We recently wrote about North Carolina’s new law prohibiting state agencies – including public schools and universities – from paying a ransom or even communicating with a threat actor following a ransomware incident. On June 24, Florida followed suit when its governor signed HB 7055 into law, amending portions of the State Cybersecurity Act (the Act), which became effective on July 1.

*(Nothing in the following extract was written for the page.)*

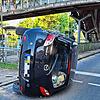 Nach der Kollision mit einer Ampel überschlägt sich ein mit drei Personen besetztes Auto und bleibt auf der Seite liegen.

Among other things, the Act now requires that if a Florida state agency, county or municipality experiences a ransomware incident, it must provide notice to Florida’s Cybersecurity Operations Center[1] and the Cybercrime Office of the Department of Law Enforcement[2] (and in the case of a local government, to the sheriff with jurisdiction over that local government) within 12 hours of discovery. The report must include at least the following:

  1. A summary of the facts surrounding the incident.
  2. The date on which the agency most recently backed up its data, the physical location of the backup, whether the backup was encrypted by the ransomware and whether the backup was created using a cloud-based solution.
  3. The types of data compromised by the incident.
  4. The estimated fiscal impact of the incident.
  5. Details of the ransom demanded.

Given the difficulty of compiling this information within 12 hours in the midst of addressing a ransomware incident, Florida state agencies would be well advised to keep their backup schedule somewhere outside the network to prevent it from being inaccessible as a result of either the encryption itself or containment measures taken immediately following a ransomware incident.

Importantly, the updates to the Act also only prohibit a state agency, county or municipality experiencing a ransomware incident from paying or otherwise complying with a ransom demand. Unlike the North Carolina law, which proscribes state agencies from even “communicat[ing] with an entity that has engaged in a cybersecurity incident,” the Florida Act does not appear to prohibit a state agency, county or municipality from communicating with a ransomware threat actor in order to gain intelligence about the nature and scope of the attack or to delay the publication of stolen data.

Unlike North Carolina’s law, Florida’s law appears to exclude public school districts and universities from the list of public entities that are prohibited from paying a ransom. The Act defines the term “state agency” as any official, officer, commission, board, authority, council, committee or department of the executive branch of state government; the Justice Administrative Commission; the Public Service Commission; the Department of Legal Affairs; the Department of Agriculture and Consumer Services; and the Department of Financial Services.[3] Although some questions remain about the nature and scope of Florida’s law prohibiting state agencies from paying ransoms to cybercriminals, the recently passed laws in North Carolina and Florida appear to mark a growing trend in which states prohibit public entities from paying ransoms. In the coming months, we expect to see similar laws introduced and/or passed in several additional states. As such, it is imperative that public entities take proactive measures to reduce their cybersecurity risks and position themselves to recover from cybersecurity incidents without the need to purchase a decrypter. Such measures include, but are not limited to, implementing multifactor authentication, deploying an endpoint detection and response tool throughout the entity’s environment, regularly creating system backups, and keeping those backups separate from the system itself.


[1] https://cyberflorida.org/.

[2] http://www.fdle.state.fl.us/FCCC/FC3-Home.

[3] Fla. Stat. Ann. § 282.318(2) (2022).